Problem statement> From the line that contains "KAJA ボンバージャケット 大人気完売モデル 2026年最新】KAJA ボンバー" through the end of the records below, write out each line exactly as it appears, but not the pictures.

Given records>
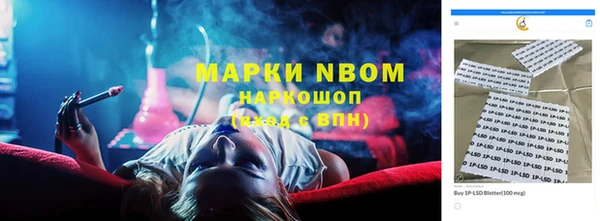 стаф Мегион
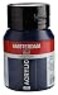 Amsterdam Standard Series Acrylic Jar 500ml Prussian Blue Phthalo 566 17725662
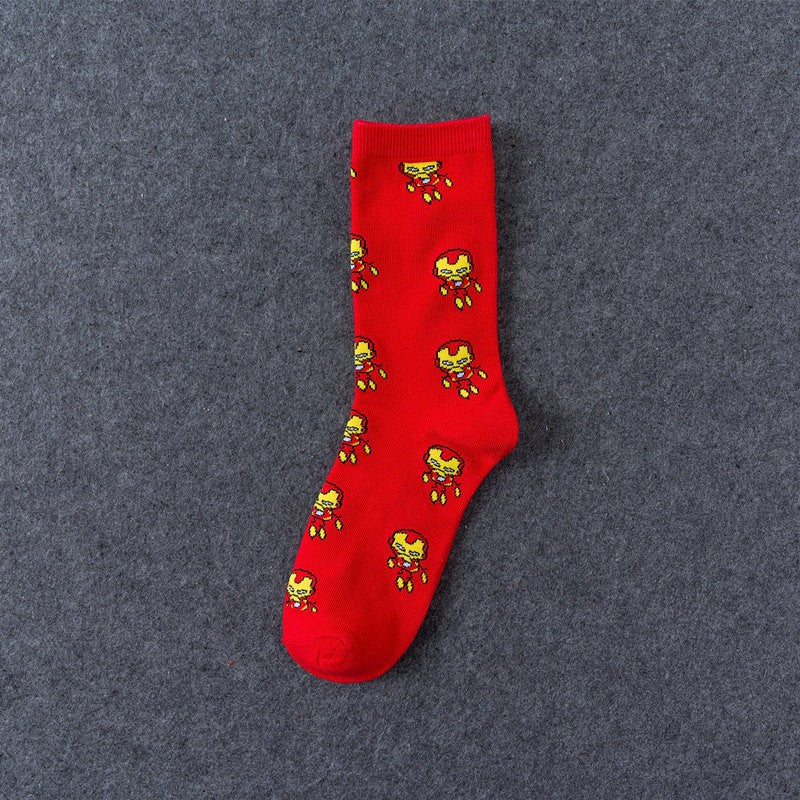 Ironman socks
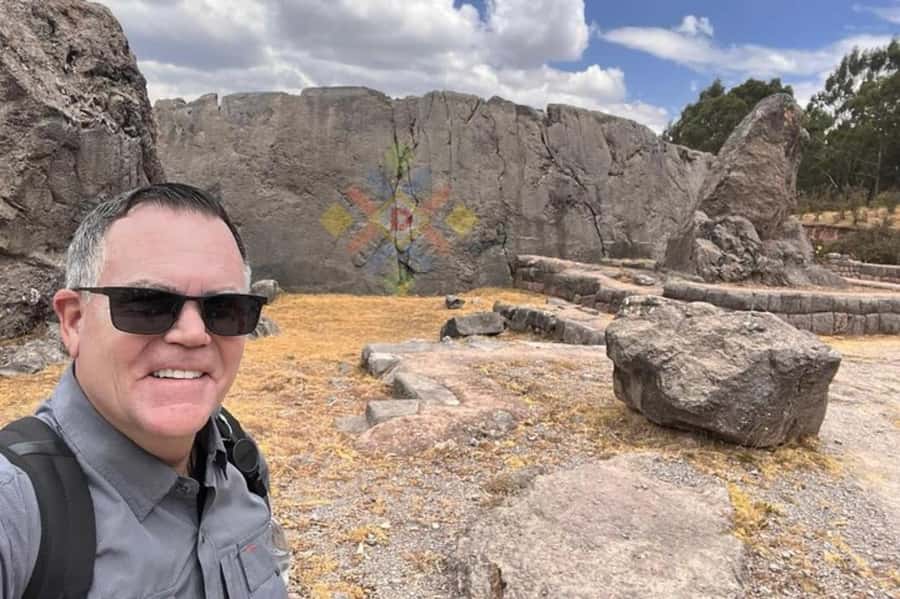 Cusco: Sacsayhuaman, Qenqo, Puca Pucara & Tambomachay Tour - Key highlights to look forward to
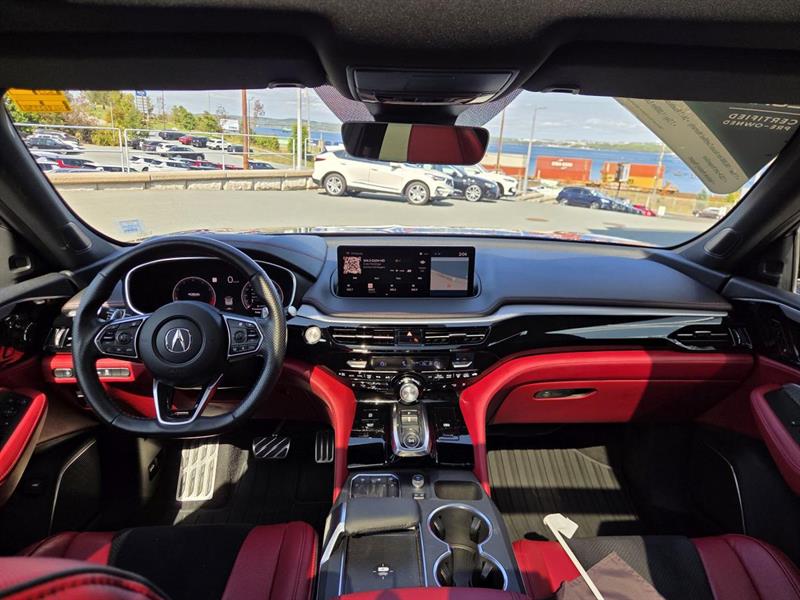 acura MDX 2022 - 15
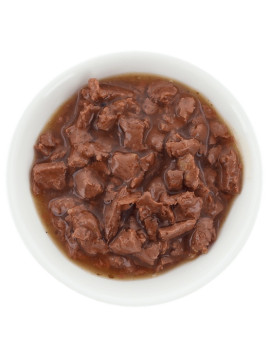 Pawsome Adult Huhn - kurczak saszetka 85g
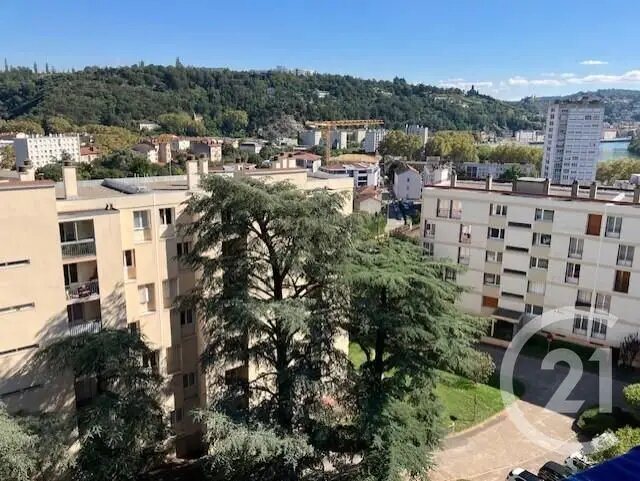 Appartement à vendre, 60m², Vienne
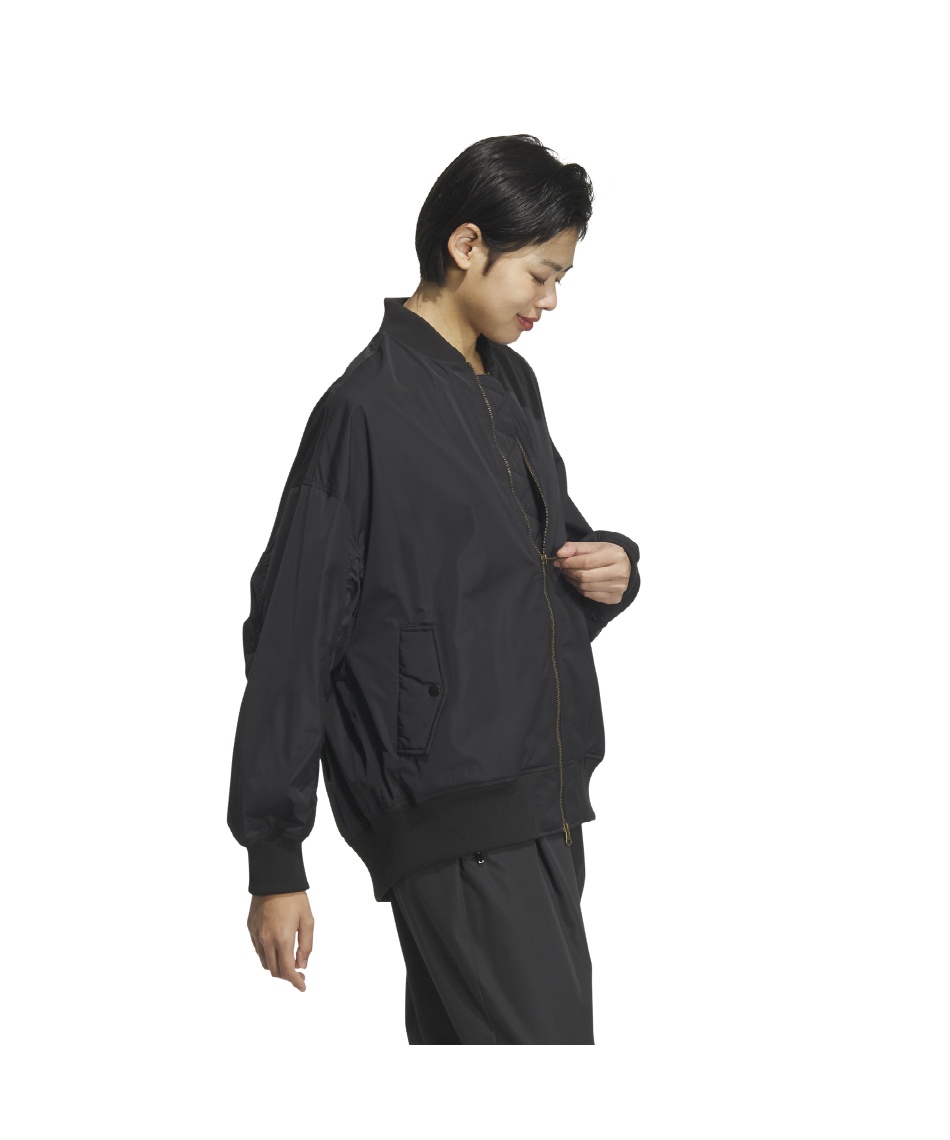 KAJA ボンバージャケット 大人気完売モデル 2026年最新】KAJA ボンバー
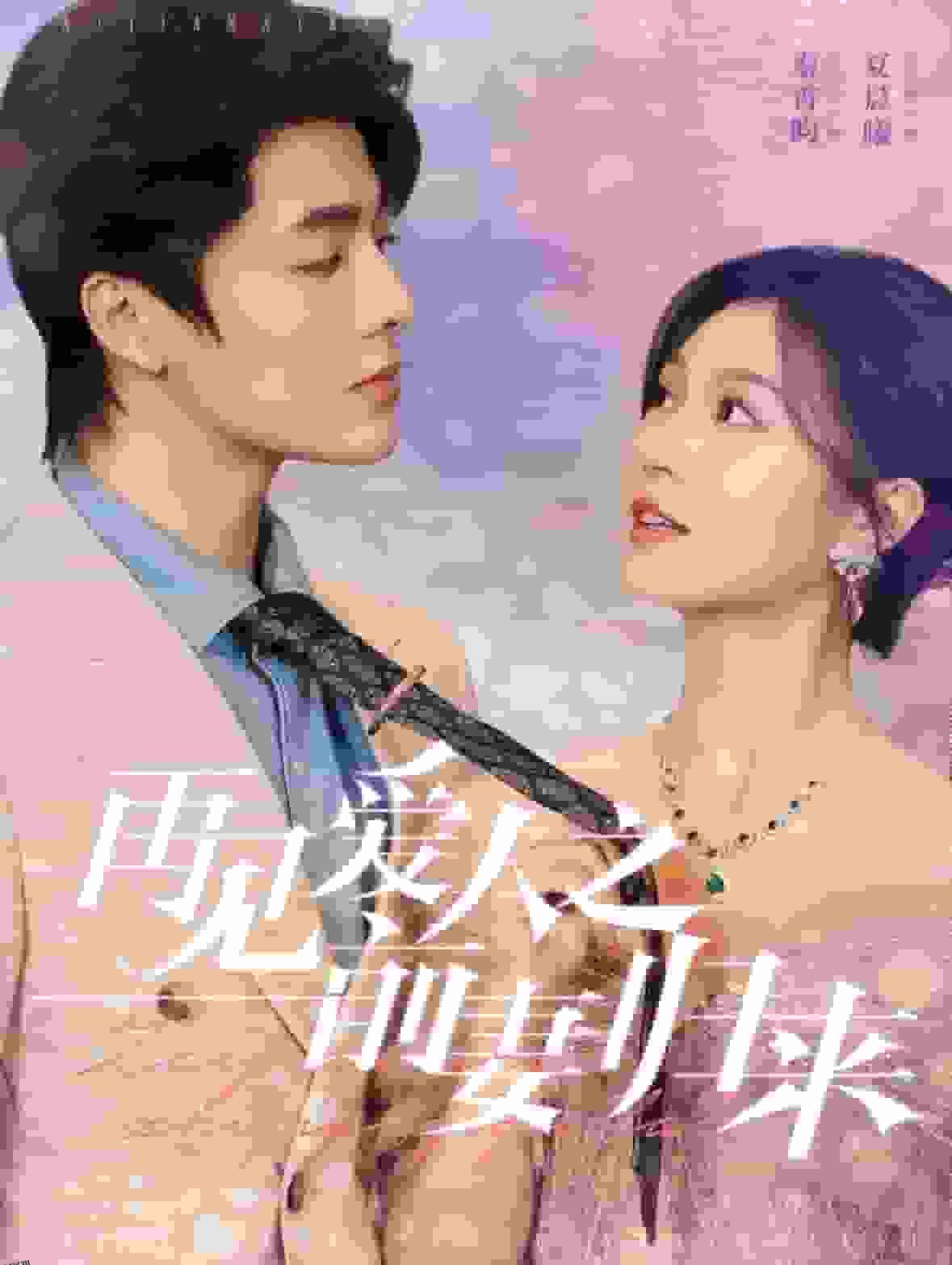 再见爱人之前妻归来 海报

Written reply>
 KAJA ボンバージャケット 大人気完売モデル 2026年最新】KAJA ボンバー
 再见爱人之前妻归来 海报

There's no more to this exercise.